_Task material_
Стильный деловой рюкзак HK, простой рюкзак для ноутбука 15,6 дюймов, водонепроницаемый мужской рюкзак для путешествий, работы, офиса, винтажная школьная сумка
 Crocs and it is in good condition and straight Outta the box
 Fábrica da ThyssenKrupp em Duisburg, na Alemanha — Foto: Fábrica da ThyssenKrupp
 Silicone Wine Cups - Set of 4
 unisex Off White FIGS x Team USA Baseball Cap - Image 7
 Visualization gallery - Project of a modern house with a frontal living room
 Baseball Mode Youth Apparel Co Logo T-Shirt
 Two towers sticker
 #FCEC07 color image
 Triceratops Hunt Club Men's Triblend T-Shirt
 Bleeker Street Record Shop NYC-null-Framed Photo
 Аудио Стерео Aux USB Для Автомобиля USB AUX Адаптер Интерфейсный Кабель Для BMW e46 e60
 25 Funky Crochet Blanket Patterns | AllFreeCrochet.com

_Exercise goal_
Each line of the data is to be transcribed exactly.

_Task output_
Стильный деловой рюкзак HK, простой рюкзак для ноутбука 15,6 дюймов, водонепроницаемый мужской рюкзак для путешествий, работы, офиса, винтажная школьная сумка
 Crocs and it is in good condition and straight Outta the box
 Fábrica da ThyssenKrupp em Duisburg, na Alemanha — Foto: Fábrica da ThyssenKrupp
 Silicone Wine Cups - Set of 4
 unisex Off White FIGS x Team USA Baseball Cap - Image 7
 Visualization gallery - Project of a modern house with a frontal living room
 Baseball Mode Youth Apparel Co Logo T-Shirt
 Two towers sticker
 #FCEC07 color image
 Triceratops Hunt Club Men's Triblend T-Shirt
 Bleeker Street Record Shop NYC-null-Framed Photo
 Аудио Стерео Aux USB Для Автомобиля USB AUX Адаптер Интерфейсный Кабель Для BMW e46 e60
 25 Funky Crochet Blanket Patterns | AllFreeCrochet.com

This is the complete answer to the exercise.